O erro é pensar que as pessoas são capazes de ser muito piores que a natureza (nenhum bicho é tão mau como uma pessoa má) e concluir que o melhor é ficar quieto. O que distingue o ser humano é ser capaz de bem ou de mal. De resto, a natureza, que é estúpida e material, também pode ser muito má (terramotos, etc.). Só que, como não se sabe, não se pode culpar ou castigar. Coitada. Ser pelas cidades, preferir Manhattan ao Grand Canyon, ou o Aqueduto das Águas Livres e o sistema de canalizações ao rio Tejo, não quer dizer que não haja cidades ou invenções sinistras (a grande maioria) – quer dizer que o ser humano é sempre capaz de melhor. Há péssimos vinhos e azeites, piores que comer uvas ou azeitonas – mas os resultados das uvas e das azeitonas bem usadas pelos seres humanos são não apenas melhores, mas têm outra ordem de grandeza. Comer tudo cru é um atentado, não só gastronómico, como à cultura.

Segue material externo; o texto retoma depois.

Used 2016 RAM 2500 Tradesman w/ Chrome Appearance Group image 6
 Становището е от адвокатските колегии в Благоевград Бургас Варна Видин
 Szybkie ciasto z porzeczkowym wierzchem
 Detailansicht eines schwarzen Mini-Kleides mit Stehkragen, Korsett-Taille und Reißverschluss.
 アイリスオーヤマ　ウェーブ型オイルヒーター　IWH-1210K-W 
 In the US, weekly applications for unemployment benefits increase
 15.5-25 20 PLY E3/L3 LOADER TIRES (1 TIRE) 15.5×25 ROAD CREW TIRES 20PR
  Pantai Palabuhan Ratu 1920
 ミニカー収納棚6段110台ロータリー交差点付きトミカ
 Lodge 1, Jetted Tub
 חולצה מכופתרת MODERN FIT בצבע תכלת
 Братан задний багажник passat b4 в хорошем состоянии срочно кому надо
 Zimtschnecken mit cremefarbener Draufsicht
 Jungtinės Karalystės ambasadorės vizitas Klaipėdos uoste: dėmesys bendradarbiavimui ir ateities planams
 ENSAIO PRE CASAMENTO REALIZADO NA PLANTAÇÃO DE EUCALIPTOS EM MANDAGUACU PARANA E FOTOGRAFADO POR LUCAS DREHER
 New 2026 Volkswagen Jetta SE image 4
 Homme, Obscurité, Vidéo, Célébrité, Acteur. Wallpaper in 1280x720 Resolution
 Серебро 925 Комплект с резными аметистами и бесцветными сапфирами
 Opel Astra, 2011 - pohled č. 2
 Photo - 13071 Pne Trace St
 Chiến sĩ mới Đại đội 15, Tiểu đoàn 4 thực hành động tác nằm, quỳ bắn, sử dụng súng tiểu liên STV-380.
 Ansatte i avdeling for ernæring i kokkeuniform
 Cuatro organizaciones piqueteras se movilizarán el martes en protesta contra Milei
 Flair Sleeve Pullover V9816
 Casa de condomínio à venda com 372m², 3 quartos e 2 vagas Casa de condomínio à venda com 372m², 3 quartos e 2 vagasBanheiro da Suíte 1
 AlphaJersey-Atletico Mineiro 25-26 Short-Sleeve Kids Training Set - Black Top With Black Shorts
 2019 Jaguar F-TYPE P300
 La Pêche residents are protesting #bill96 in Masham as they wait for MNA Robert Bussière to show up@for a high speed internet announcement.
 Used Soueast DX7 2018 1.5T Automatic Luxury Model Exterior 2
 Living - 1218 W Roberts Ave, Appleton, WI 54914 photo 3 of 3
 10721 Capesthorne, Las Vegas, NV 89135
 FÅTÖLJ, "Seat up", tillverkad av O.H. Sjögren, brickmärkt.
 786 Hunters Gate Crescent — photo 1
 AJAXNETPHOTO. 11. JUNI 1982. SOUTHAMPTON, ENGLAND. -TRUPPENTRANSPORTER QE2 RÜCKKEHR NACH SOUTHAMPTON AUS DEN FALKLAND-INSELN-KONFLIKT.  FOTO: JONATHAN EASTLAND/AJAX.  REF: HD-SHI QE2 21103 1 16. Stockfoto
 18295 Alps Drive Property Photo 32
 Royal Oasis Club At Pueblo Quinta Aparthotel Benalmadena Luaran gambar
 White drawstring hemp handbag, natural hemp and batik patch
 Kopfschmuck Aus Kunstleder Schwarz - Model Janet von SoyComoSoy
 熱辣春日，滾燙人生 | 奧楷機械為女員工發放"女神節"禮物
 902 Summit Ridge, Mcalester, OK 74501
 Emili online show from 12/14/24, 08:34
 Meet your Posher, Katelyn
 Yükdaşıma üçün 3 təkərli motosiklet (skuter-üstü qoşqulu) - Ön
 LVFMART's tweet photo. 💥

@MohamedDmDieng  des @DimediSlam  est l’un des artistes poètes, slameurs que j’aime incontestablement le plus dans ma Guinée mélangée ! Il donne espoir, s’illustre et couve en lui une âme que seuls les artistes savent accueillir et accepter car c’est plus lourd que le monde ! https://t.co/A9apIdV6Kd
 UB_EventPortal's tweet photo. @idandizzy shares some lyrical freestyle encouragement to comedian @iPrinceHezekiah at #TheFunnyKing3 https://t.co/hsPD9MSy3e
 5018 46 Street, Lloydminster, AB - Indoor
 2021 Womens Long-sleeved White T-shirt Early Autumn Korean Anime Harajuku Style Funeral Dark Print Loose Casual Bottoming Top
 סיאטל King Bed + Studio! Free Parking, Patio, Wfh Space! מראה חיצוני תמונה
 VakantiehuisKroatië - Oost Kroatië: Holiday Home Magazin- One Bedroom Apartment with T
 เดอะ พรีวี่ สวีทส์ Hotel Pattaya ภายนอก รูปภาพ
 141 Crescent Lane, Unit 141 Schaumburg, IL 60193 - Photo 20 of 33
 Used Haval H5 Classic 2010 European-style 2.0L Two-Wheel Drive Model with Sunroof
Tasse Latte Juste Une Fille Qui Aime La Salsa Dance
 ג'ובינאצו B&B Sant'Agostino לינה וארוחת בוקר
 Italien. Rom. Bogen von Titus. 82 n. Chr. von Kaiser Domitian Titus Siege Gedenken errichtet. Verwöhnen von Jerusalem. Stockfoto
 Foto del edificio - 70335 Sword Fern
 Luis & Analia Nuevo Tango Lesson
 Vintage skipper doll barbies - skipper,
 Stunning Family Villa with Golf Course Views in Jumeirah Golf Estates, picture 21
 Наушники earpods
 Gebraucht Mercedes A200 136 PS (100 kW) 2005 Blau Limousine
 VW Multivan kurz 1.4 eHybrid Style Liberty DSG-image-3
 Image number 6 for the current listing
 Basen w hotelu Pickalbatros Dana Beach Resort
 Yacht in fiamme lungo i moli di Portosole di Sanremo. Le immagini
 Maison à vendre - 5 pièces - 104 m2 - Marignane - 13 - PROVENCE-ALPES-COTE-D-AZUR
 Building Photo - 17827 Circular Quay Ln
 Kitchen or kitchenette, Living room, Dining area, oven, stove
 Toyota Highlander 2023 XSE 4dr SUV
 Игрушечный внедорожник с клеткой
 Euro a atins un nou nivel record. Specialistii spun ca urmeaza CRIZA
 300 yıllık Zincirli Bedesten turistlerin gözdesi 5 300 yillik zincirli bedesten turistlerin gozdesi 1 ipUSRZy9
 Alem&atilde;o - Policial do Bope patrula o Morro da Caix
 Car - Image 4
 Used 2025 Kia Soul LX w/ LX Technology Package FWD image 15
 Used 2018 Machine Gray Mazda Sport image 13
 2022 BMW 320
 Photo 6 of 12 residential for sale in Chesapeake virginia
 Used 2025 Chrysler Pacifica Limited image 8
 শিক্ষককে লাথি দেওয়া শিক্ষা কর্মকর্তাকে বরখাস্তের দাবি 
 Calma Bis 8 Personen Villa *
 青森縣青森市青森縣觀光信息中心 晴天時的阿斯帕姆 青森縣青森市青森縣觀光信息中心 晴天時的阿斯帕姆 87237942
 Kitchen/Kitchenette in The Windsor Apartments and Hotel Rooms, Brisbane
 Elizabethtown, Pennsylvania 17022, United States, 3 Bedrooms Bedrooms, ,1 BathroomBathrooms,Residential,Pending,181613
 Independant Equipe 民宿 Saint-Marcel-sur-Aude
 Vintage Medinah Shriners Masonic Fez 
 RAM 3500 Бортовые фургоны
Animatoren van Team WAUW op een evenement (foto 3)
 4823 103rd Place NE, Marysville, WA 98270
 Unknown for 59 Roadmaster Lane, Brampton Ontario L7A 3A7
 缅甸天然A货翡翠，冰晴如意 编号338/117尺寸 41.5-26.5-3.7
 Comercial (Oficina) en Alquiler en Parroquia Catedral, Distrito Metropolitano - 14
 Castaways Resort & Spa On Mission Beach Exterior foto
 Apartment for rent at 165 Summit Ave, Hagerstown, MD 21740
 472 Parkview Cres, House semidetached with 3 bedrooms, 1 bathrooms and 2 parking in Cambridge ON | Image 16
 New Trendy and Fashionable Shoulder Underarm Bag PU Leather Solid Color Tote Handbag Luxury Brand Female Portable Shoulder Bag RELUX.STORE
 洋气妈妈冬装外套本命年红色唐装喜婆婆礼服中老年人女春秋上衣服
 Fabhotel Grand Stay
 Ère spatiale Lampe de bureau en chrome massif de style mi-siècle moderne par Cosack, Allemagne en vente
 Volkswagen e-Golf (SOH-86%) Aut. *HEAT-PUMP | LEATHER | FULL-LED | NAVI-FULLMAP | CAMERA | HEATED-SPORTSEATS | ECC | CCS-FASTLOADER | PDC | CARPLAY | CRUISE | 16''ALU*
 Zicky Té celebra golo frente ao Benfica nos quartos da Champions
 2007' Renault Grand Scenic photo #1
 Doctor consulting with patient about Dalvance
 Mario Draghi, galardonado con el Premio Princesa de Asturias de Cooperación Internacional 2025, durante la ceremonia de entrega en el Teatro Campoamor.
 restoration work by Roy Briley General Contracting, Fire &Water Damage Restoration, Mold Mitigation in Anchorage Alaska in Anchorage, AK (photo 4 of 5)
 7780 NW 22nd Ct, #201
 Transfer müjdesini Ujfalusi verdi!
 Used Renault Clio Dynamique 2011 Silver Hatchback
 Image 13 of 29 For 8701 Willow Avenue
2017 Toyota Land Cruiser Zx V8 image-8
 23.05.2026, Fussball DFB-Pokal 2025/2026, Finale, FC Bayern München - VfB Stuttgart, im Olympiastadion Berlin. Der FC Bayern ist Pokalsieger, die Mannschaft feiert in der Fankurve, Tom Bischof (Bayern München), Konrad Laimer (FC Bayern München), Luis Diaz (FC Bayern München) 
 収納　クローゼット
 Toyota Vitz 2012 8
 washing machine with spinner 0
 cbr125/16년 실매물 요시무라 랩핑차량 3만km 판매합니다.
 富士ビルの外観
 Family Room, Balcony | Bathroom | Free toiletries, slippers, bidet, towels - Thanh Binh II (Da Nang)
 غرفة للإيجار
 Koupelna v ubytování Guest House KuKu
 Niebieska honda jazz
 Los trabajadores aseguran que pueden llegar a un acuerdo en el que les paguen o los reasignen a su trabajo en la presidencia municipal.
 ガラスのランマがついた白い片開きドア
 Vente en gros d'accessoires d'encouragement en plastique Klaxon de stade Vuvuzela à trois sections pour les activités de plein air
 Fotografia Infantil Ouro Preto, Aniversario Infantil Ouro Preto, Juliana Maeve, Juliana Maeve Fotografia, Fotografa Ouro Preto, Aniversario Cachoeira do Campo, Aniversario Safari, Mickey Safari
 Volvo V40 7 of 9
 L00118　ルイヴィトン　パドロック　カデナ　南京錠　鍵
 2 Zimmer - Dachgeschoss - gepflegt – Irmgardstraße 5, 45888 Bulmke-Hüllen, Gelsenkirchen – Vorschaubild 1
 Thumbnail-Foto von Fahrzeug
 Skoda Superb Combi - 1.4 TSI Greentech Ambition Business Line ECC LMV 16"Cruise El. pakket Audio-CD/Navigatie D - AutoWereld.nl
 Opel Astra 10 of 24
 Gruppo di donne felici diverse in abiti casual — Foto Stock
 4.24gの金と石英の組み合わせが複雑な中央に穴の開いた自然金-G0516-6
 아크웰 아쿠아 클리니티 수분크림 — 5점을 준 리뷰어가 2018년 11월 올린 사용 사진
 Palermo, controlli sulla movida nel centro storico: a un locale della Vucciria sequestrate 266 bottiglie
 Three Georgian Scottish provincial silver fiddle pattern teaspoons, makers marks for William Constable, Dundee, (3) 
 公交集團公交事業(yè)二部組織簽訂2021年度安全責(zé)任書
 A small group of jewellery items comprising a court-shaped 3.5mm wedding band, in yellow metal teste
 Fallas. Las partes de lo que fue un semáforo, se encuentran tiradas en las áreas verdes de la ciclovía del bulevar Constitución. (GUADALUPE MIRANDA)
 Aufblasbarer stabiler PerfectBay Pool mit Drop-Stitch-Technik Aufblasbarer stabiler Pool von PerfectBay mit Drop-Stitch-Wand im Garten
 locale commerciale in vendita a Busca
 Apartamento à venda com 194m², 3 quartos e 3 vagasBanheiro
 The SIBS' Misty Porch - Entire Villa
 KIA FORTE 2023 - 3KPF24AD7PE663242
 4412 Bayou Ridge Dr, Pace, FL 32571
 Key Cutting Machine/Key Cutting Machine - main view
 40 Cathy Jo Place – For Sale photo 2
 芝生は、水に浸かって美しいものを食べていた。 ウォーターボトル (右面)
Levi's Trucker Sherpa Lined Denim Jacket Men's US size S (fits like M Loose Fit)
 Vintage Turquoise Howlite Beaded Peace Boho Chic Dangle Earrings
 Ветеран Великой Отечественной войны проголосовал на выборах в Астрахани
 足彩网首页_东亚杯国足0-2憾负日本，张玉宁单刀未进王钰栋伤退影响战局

A arte não «imita» a vida – a arte tem a capacidade de ser uma vida superior. O problema da actividade humana é que, em 99,9 por cento dos casos, falha e é, por conseguinte, pior que a natureza que modifica. Mas isso não quer dizer que as pessoas realmente bondosas ou sábias ou justas não sejam superiores ao animal mais nobre (até porque o protegem e se preocupam com ele, dedicando-lhe a vida se for preciso, coisa que os animais não fazem, não porque não sejam bons, mas porque não são capazes).

A obra dos grandes filósofos, teólogos, artistas e cientistas é melhor que os seres humanos que a produziram e ultrapassa a vida – ou, melhor, atinge a vida mais alta e preciosa que pode existir. As ideias religiosas e políticas que permitem que, em certas partes pequenas do Mundo, graças à intervenção de pessoas inspiradas por elas, a vida seja melhor do que seria se estivéssemos sozinhos, são sublimes porque são úteis. A solidariedade humana é uma ideia. É impossível comparar a bondade previsível dos animais (aquela gata que salvou os quatro filhotes do incêndio) com as consequências sociais dos pensamentos altruístas de muitos filósofos gregos ou dos sábios judeus do Talmude, de onde provém todo o pensamento e prática que acabam (começam) por criar (em pequenos recantos do Mundo) condições (mínimas) de assistência social.

É por ser capaz de se exceder que o ser humano é tantas vezes tão nocivo e tão mau. As ideias más são muito mais perigosas que a animalidade humana. Mas isso não defende a animalidade. O que é sublime no ser humano é, sendo mau, ser capaz de pensar o bem. A natureza não é boa nem má – é natural. Só o ser humano pode salvar (ou destruir) a humanidade, o planeta, e por aí fora. Por outras palavras, usá-lo para não subjugar os outros, sejam humanos ou não.

A ignorância humana é certamente mais nefasta que a consciência limitada dos outros animais ou a inconsciência dos outros seres vivos – mas a capacidade humana de se ultrapassar é também a grande esperança. No dia em que se consiga fazer a síntese da religião e da filosofia, praticamente aplicável, como há tantos séculos se vem tentando fazer, o Mundo poderá ser mais do que é.

O erro é abdicar do estudo, do pensamento, da devoção – o maior perigo é a facilidade. E a natureza é a coisa mais fácil e enganadora de todas. A única natureza é a humana.